主人公側がチーム制であるものは『ゲッターロボ! 』で再現されていたが、紅一点の女の子キャラがロボットに乗り込むというのも当時は珍しかった。しかし、主人公たち五人の個性もさることながら、この作品「コンバトラーV」がロボットアニメ史上、エポックメイキング的な作品に数えられるそのわけは、やはり敵側のキャラである「大将軍ガルーダ」にあるといっても過言ではない。ロボットアニメにおける「敵側の美形キャラ」といえばこのガルーダと、次の作品『超電磁マシーン・ボルテスV』に登場する「プリンス・ハイネル」を指す!! と思う。「ガルーダ」は作品1話~26話という、意外と短命に終わったキャラではあったが、その生い立ちの謎や、女性型ロボット「ミーア」との愛の姿などが、当時のアニメファンの心をわしづかみにした!! 敵側にも「愛を語る」キャラがいることをファンに知らしめた作品といっても良い。
『ボルテスV(ファイブ)』はヒット作『コンバトラーV』の後を受け、主人公側のチーム制、敵側のキャラ配置なども踏襲している。なお、主人公のロボットも五体合体の「玩具でも同じ合体変形ができる」ロボットであることも変わりない。敵側に個性あるキャラを配置し「敵側にも個性があり、ドラマがある」ことを見せようとした作品である。今作の作品の成功はやはり敵側の「プリンス・ハイネル」をなくしては語れない。ボアザン星(敵側の母星)の貴族の子として生まれ、そのプライドとボアザン星の支配者・皇帝ズ・ザンバジルへの忠誠心にかけて地球を征服、支配せんとする。ボアザン星は「角の生えている、生えていない」で貴族と労奴に分けられるため、選民意識が強く「角の生えていない地球人」を最初から蔑んでいた。その最期は主人公である「剛健一(ごう・けんいち)」と生身で斬り合うが、その時に自分の出生の秘密を知り、炎の中に消える。このとき、その秘密に愕然となったハイネルが残した言葉は今も忘れ難い。興味がある人は是非作品の中でハイネルの魂の声を聞いてほしい!!

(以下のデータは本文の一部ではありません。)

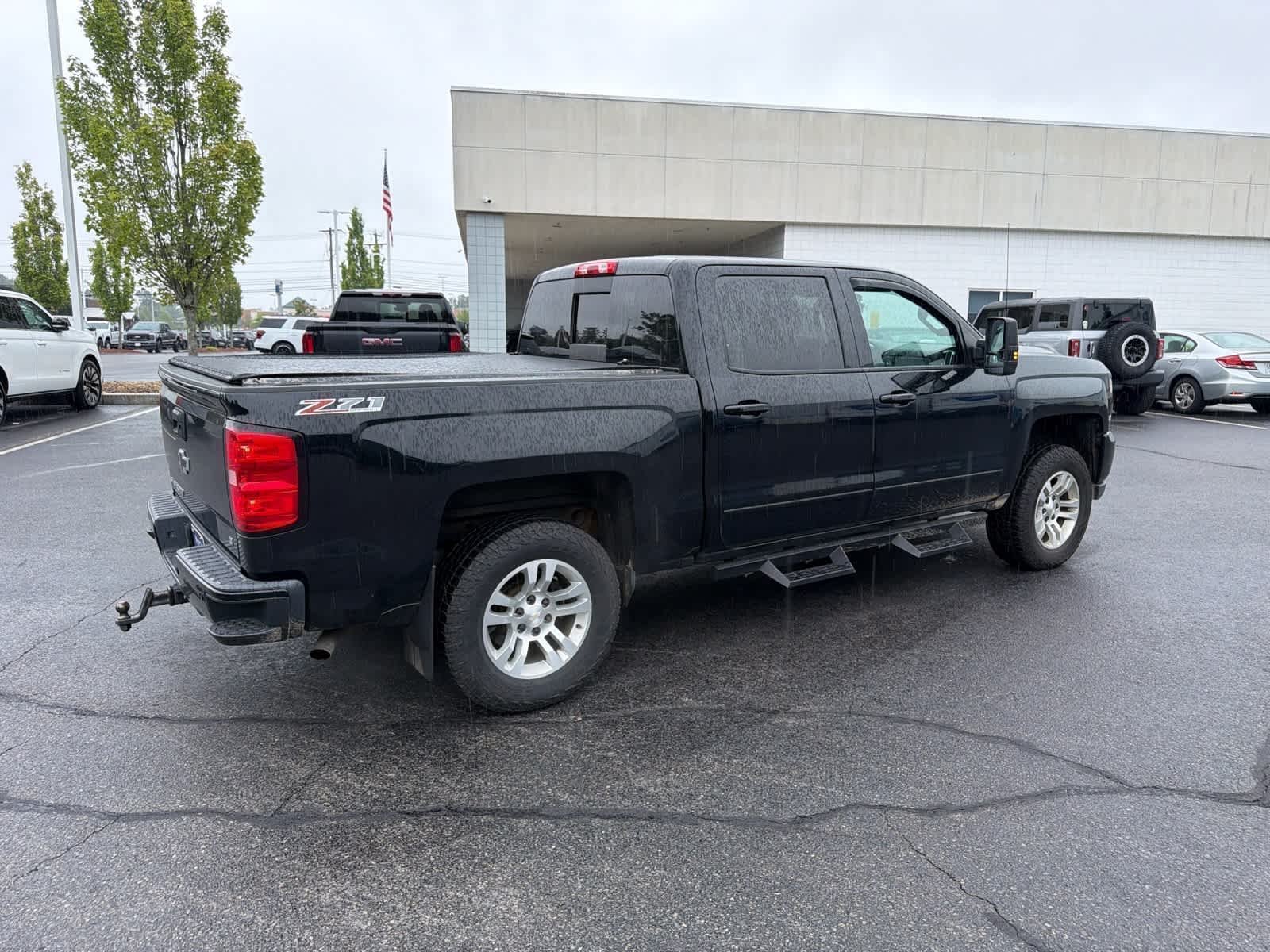 Used 2017 Black Chevrolet LT image 7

長浜ロマンロボットアニメの第三作。この作品のみ単独主人公で、ロボット「ダイモス」も変形はするが合体はしない。また、この作品は「ロボットアニメ版・ロミオとジュリエット」と当時呼ばれており、主人公である地球人の青年・竜崎一矢(りゅうざき・かずや)とバーム星地球攻撃軍提督・リヒテルの妹・エリカの敵味方に分けられた悲恋にスポットが当てられることが多かった。バーム星宇宙人が地球を攻めるきっかけが「自らの地球移民のための平和使節を暗殺されたため」という大義名分を抱えており、そこも今までのアニメとは一線を画す設定ではあった。だが、この暗殺も実は平和的交渉を望まない一派の仕業で、その黒幕はリヒテルが忠誠を誓う「オルバン大元帥」であったことがまた、彼の悲劇であった……。
この三作品は「美形悪役キャラ」と呼ばれる「大将軍ガルーダ」「プリンス・ハイネル」「リヒテル提督」の存在なくしては作品が成り立たない(ライディーンの「プリンス・シャーキン」を含めて「四大悪役美形キャラ」と呼ぶ人もいる)。それ以前にも、そしてそれ以後にも「美形悪役キャラ」というのは登場はするが、やはり物語を彩る「悲劇のアンチヒーロー」として、この三人(あるいは四人)は切っても切れない存在ではないだろうか。